It’s been about three weeks since my senior year at the University of Rochester has begun. It’s been a great time so far. I’ve been keeping up with my work just fine and things feel more routine than ever, in a good way. So, while I’m being blasted by dozens of emails a week from our career center here at our school regarding graduate school admission tests and requirements, I’ve been thinking about what happens next for us…

As first generation students, many of us may lack much of the social and cultural capital that our other college legacy peers don’t even know they have and will definitely enjoy. I mean…up until last year I didn’t know what the MCAT even meant, and it’s still a bit confusing now. Thankfully i’m not in a pre-med track, or even remotely interested in medical school. But even then, how does being a first generation college student affect an individual beyond the undergraduate years? Are schools doing enough to prepare students like me for a future beyond a bachelor’s degree?
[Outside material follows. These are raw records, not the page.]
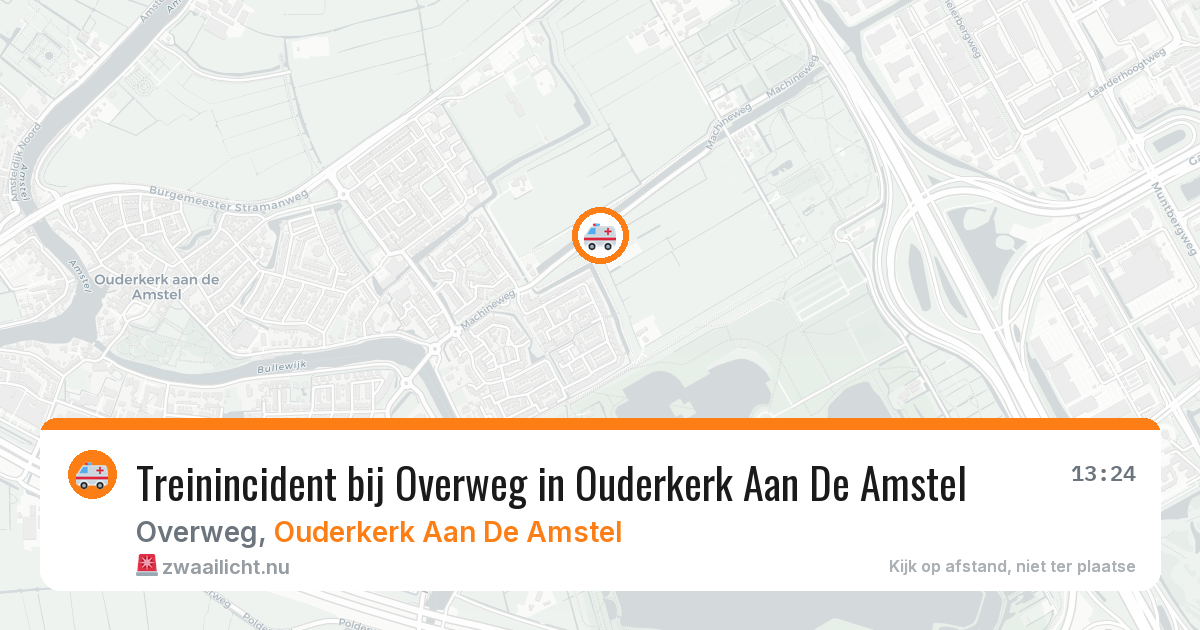 Treinincident bij Overweg in Ouderkerk Aan De Amstel — 4 jun 2026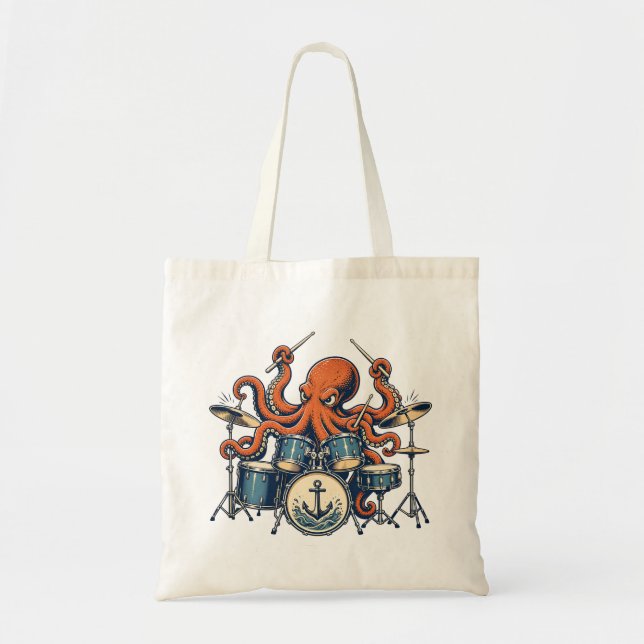 Custom Octopus Drummer Design Tote Bag (Front)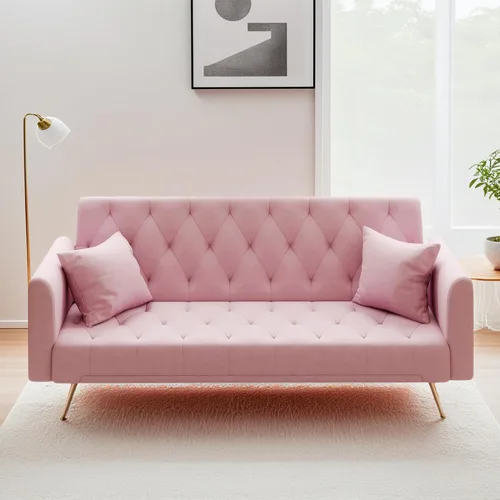 Vista 16 de Anwick Sofá cama moderno de terciopelo de 72 pulgadas, sofás plegables convertibles con 3 respaldos ajustables, asiento reclinable copetudo, patas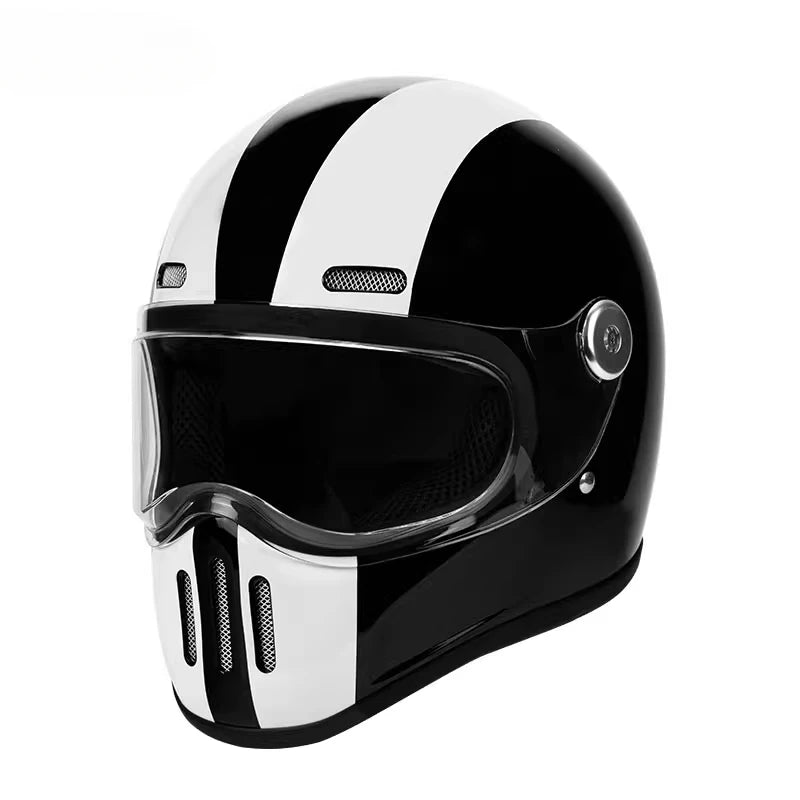 Retro Fiberglass Full Face Motorcycle Helmet | Vintage Style Safety Gear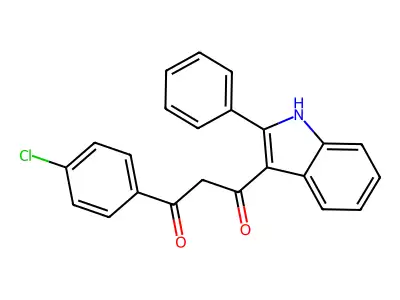 1,3-Propanedione, 1-(4-chlorophenyl)-3-(2-phenyl-1H-indol-3-yl)- structure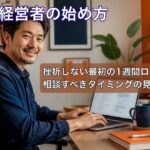 経営者がノートパソコンで生成AIに話しかけている様子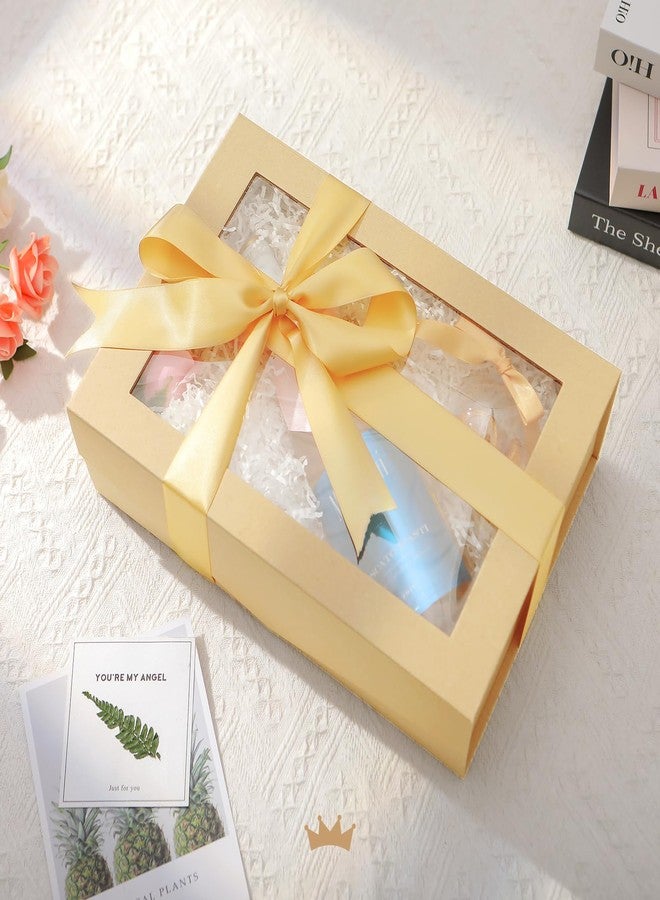 PACKQUEEN Large Kraft Gift Box with Window, 13.5x9x4.1 Inches Clear Gift Box for Present Contains Ribbon, Card, Groomsman Proposal Box with Magnetic Lid - Image 4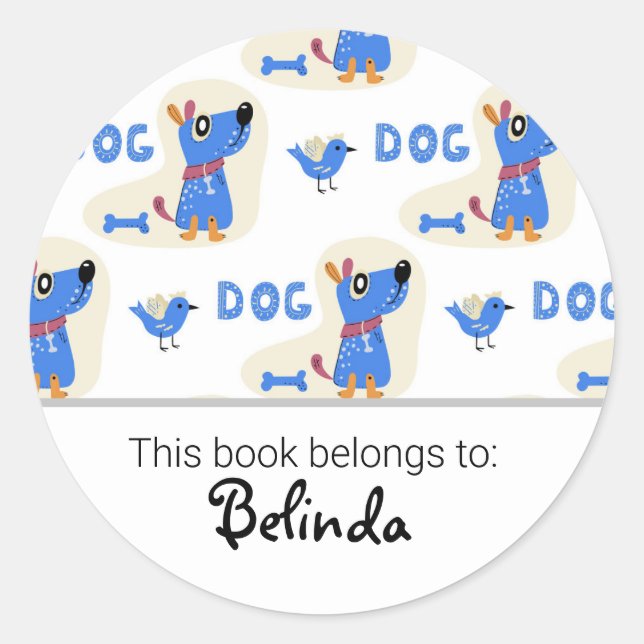 Kids cute dog pattern bookplate classic round sticker (Front)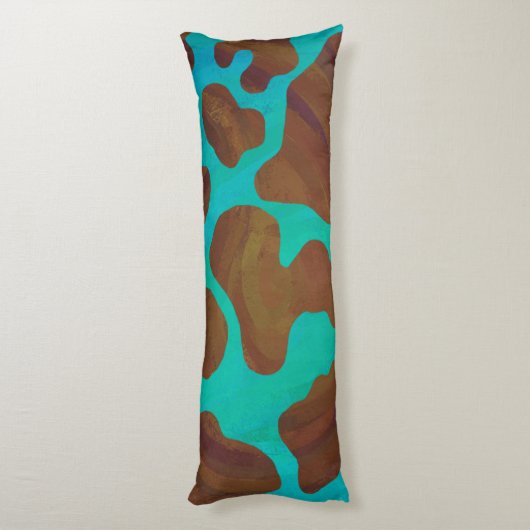 Koe bruin en Blauwgroen afdrukken Lichaamskussen (Achterkant (Verticaal))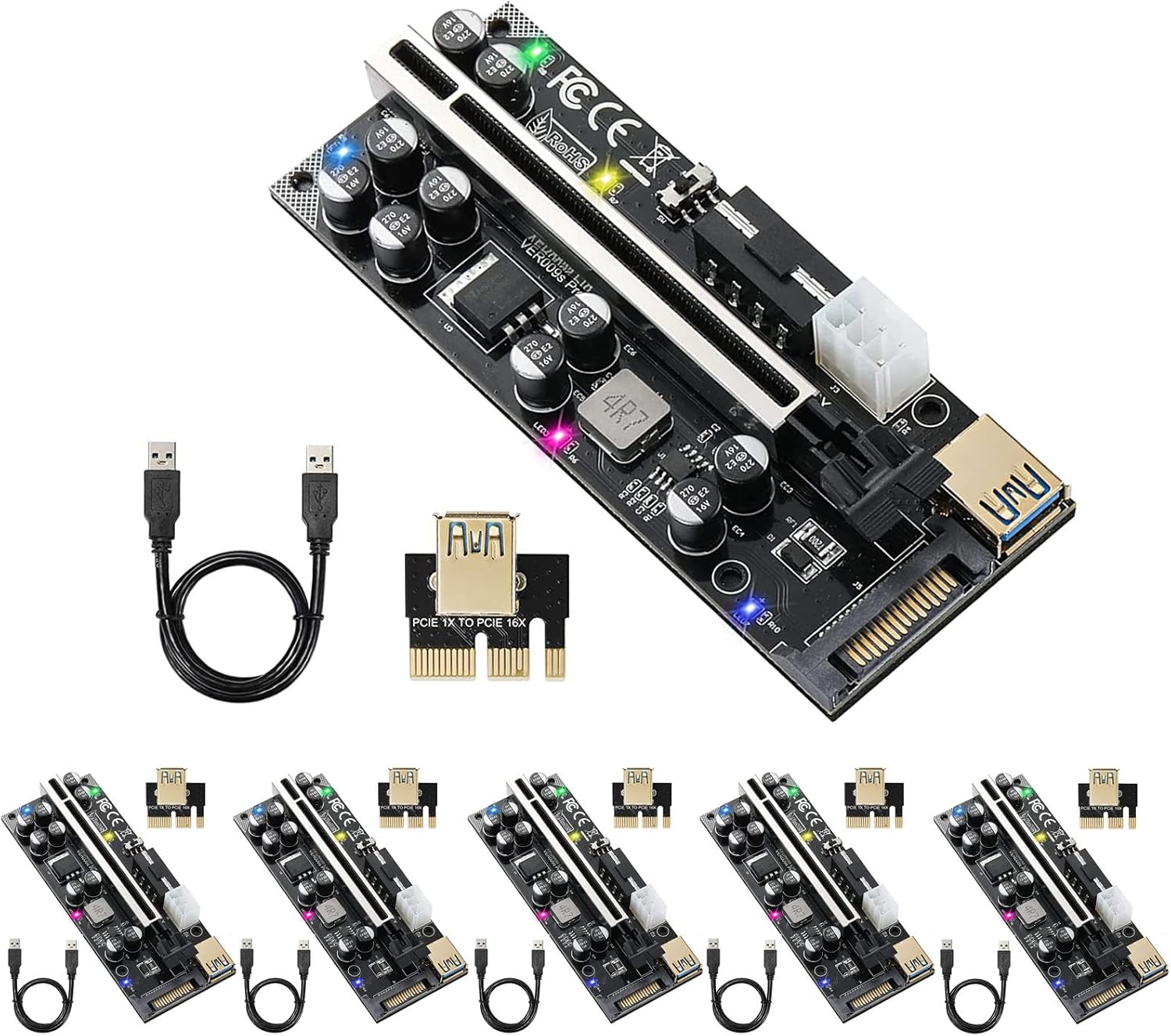 YUNKOZAND PCIE Riser 10 Solid Capacitors,GPU Riser for ETH/GPU Mining,with RGB Colorful LED Light & 60cm USB 3.0 Extension Cable(V009s Plus 6 Pack) Pack of 2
Ultimately, the burden of knowledge seems to fall mostly on the student, which is fair in theory. After all, I do have a career center on campus that I’m sure would’ve gladly explained what the MCAT meant had I walked in there freshman  year. So my mom not knowing loads about graduate school or how to approach the LSAT and therefore being unable to tutor me on it is no excuse on my part. However, I really do believe there is still an unspoken and very awkward disconnect between first-gen students and post-undergraduate study/employment. We will be the first to graduate from college in our families, and we will also be the first to learn all about the post-grad world and life. And this is the moment where I really wish I was the second in my family to graduate college, maybe even the third.